Leading a right-wing coalition in Italy, neo-fascists have returned to power in the country as though fascism and Mussolini had not been defeated in the Second World War.
With the ongoing war that Russia has waged on Ukraine, there is reason to believe that Moscow intends to go back to pre-Soviet Union defeat in the Cold War. Even the dismantlement of major empires following the First World War has found figures working to negate it.
Turkish President Recep Tayyip Erdogan is perhaps the most prominent of those seeking to revert to an imperial past. The rulers of Iran are certainly the most vigorous of those seeking to establish it from zero.
At the same time, the state of affairs in contemporary Europe is an embodiment of the nation-state attempting to revolt against the victory of globalization: the European integration project was undermined by Brexit, while we see the proliferation of nationalist forces demanding an end to the trans-border Union or that it be made less effective.
These facts together, added to the resurgence of fundamentalist movements of all kinds all over the world, demonstrate that any linear trajectory of history is a fantasy equaled only by the fantasy of the end of history.
There is no such thing as total decisive victories or final absolute defeats, nor are there beginnings that end everything that preceded them or conclusions that give finality to an unregrettable passing of pasts.
Queen Elizabeth’s funeral and her son Charles’ proclamation as king, in the midst of massive crowds that attended out of their own volition, pointed to the weakness of what the British critic Raymond Williams called “residual ideology” in comparison with the “dominant” and the “emergent” consciousnesses. It is far more than mere “influence” the old cultural practices have on modern societies.
There is no doubt that these returns and resurrections derive from several intertwined factors. And there are always intertwined factors behind political phenomena (though many lean towards confiscating these phenomena and claiming that they derive from a single factor, usually a “conspiracy” orchestrated by the US or Zionism).
It is thus no longer novel to rightfully say that the way in which wealth is distributed in our world, whether within the same country or among different countries, is to a large extent responsible. By the way, Italy, where we saw the latest of these resurrections of the past, speaks to these two discrepancies.
The fact is that the matter is multifaceted; as on the one hand, there are the unfair neoliberal policies that have turned into what resembles a religious doctrine, and on the other, there is the impoverishment that arises from major economic and social changes, like that which had been created by the industrial revolution in the past and that which we see with globalization today.
However, another factor is the weakness related to the formation of some countries, be it in terms of their adoption of political democracy or aspects tied to capitalism and the market economy.
Modern Russia provides what is perhaps the clearest model for this protracted preclusion vis-à-vis modern phenomena: capitalism turned, at the hands of Boris Yeltsin, into a corrupt and shambolic oligarchy. This came after socialism, with its great promises in 1917, was turned into a totalitarian regime that climaxed with Joseph Stalin.

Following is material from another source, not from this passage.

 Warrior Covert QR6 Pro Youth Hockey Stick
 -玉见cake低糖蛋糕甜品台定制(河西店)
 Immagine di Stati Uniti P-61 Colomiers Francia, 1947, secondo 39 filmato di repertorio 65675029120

If it is true that history is not just a matter of acts of will or heroic pursuits, then it is also true that the actions of despotic regimes and civil wars, which together propelled waves of millions of refugees, certainly played their part in contributing to this immense wreck.
This course, with its successful endeavors, its attempts, and its intentions, is waging several wars across the globe. In the cases where they become hopeless or run up against concrete reality, they don’t hesitate to threaten to use nuclear weapons. We see that in Russia just as we do in North Korea.
As for the times in which they triumph, they triumph by adapting to the novelties of the contemporary world and acquiescing to them, as the neo-fascist movements are doing in Italy. However, whatever the case may be, reforming democracy by making it more egalitarian and inclusive remains a necessary prerequisite for strengthening and entrenching the future, as well as for reassuring us about its capacity to withstand the challenges stemming from pasts that do not pass easily.
After the Second World War, and as part of their efforts to confront the Communist challenge in France and Italy, it was seen that this victory would be solidified by granting it a social dimension. And so, the welfare state was established, and the Marshall Plan to rebuild Europe was launched. Through this process, the future could rest assured, and this reassurance went on for four consecutive decades.
After the Cold War, the victory was tainted by neoliberalism and an openhanded willingness to overlook the rest of the world and its peoples’ aspirations for freedom as well as equality. This weakened the future further in its battle with the past. The harm of sleeping arrogantly on the silk sheets of victory does not only befall the arrogant victors.